And millions across the world -- it is aired on PBS in the US -- are waiting for the season finale this Sunday, Reichenbach Falls, in which Holmes will fall with his archenemy Jim Moriarty. To see what twists writers Steven Moffat and Mark Gattis come up with this time.
Compare all that buzzing excitement to the screen fate of Satyajit Ray's inspired, Indianised take on Sherlock Holmes, Pradosh Chandra Mitter aka Feluda, and you feel like banging your head against a wall.
Ray, India's only Oscar-winning director (for Lifetime Achievement), made a living writing spectacularly successful children's books and stories in Bengali. 'The world knows me as a filmmaker, but it is my writing that brings home the bread,' he once said.
He wrote a series of books about the adventures of Feluda. And he made two of those books into successful films: Sonar Kella (!974) and Joy Baba Felunath (1979).
Like the books, the films are timeless wonders, featuring Ray's warhorse Soumitra Chatterjee as Feluda and and Santosh Dutta -- a hotshot lawyer in real life -- as cheap-thriller writer Lalmohan Ganguly aka Jatayu, the buffoonish counterfoil to Feluda's brilliance.
Almost every Bengali knows the dialogues of both films by heart.
Since Satyajit Ray's death, his son Sandip Ray has made more Feluda films than his father did. Films that compete with each other in mediocrity, and are sometimes so bad (like 2010's Gorosthane Sabhdhan) that even Feluda fanatics can't sit through them.
The newest Feluda film in theatres for two weeks now, Royal Bengal Rahasya, is one of Sandip Ray's better films. But it is still at best mediocre, with a pot-bellied Feluda and amateurish visual effects and sound design.
A pity again, because Satyajit Ray's films are audio-visual feasts. The musical theme he wrote (he was an avid organ player and fan of Johann Sebastian Bach) for the series that was so catchy that even now a Bollywood director is 'inspired' by it when he makes a theme for a film like Paa.
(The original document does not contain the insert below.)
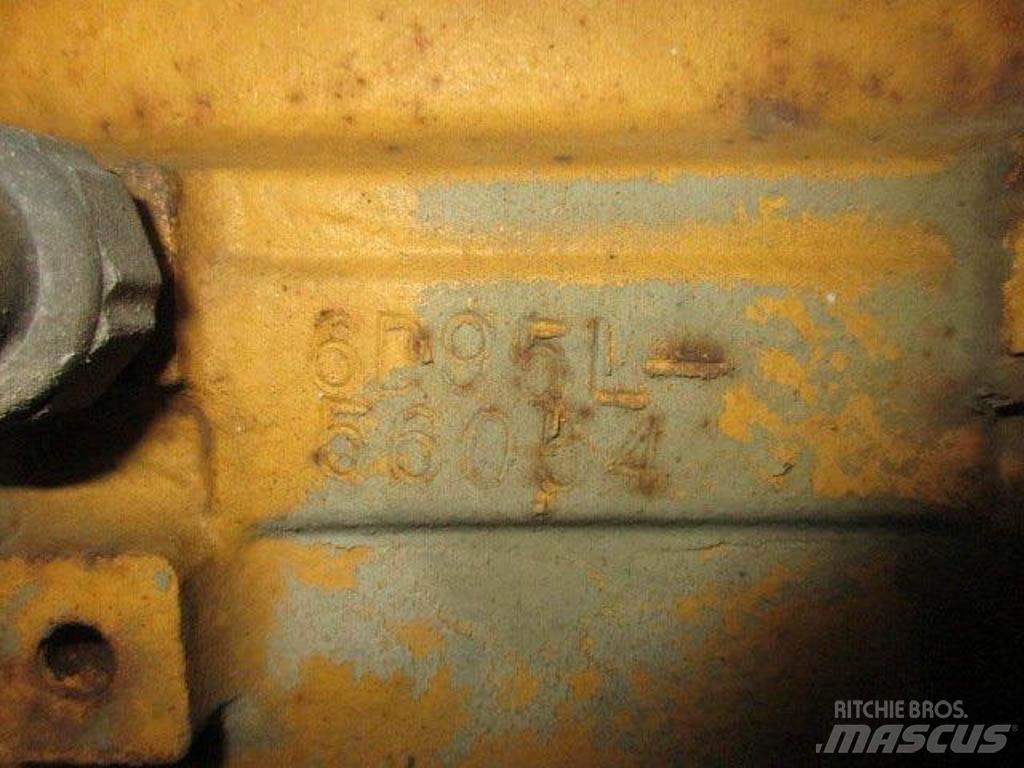 Komatsu WA100-1 輪胎式裝載機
The plot for Royal Bengal Rahasya, if you have read the book, is full of promise. A rich retired hunter-turned-writer with a house in the foothills of the Himalayas invites Feluda to solve a riddle his grandfather left. But once Feluda reaches there with Jatayu and Topshey (Feluda's Watson, his younger cousin), a tiger kills the host's secretary. Is there more lurking in the jungle than a man-eater? Feluda starts sniffing a whole different puzzle.
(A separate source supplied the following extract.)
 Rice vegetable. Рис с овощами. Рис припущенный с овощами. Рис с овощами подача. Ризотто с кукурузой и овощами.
The movie is a thoroughly unimaginative rendering of the story in toto, without an iota of the finesse, sharpness, wit or humour that sparkled through almost every line and every frame Satyajit Ray created.
This is a fossilised Feluda. Stuck in a time warp. It looks like a play in an age where even the worst Bollywood films have acquired a certain gloss. And its actors don't have enough charisma to carry off a theatre treatment.
Yet, it is one of Sandip Ray's better films. So you can imagine how low the bar has been set.
Some say it's a burden of legacy, but to me it seems like we have become so used to mediocrity that we are inventing excuses for it. Even Holmes had an onscreen legacy in Jeremy Brett.
Sorry to say, Sandip Ray has consistently got it wrong -- since the day he tried to make a Hindi TV serial on Feluda with a middle-aged Shashi Kapoor. No wonder the serial fizzled out. A young Shashi Kapoor could have made a great Feluda, of course.
Like thousands -- if not millions -- of Bengali children, I used to stand in line outside the Ananda Publishers' stall at the Calcutta Book Fair every year, holding my mother or my father's hand, to buy the newest Feluda book. Yesterday, when I took my parents to watch Royal Bengal Rahasya, I held my mother's hand to help her down the stairs. That was the only part I felt good in the evening out.
Maybe I should be grateful that the Professor Shonku series of science fiction that Satyajit Ray wrote and the master's Roald Dahl-esque short stories have been spared. So far.
Maybe someday, a bright young director/screenwriter will re-imagine Feluda. Or make a fantastic period film that brings out the appeal of the books. Or make a Professor Shonku film with world-class special effects.
But for now, I feel like banging my head against a wall.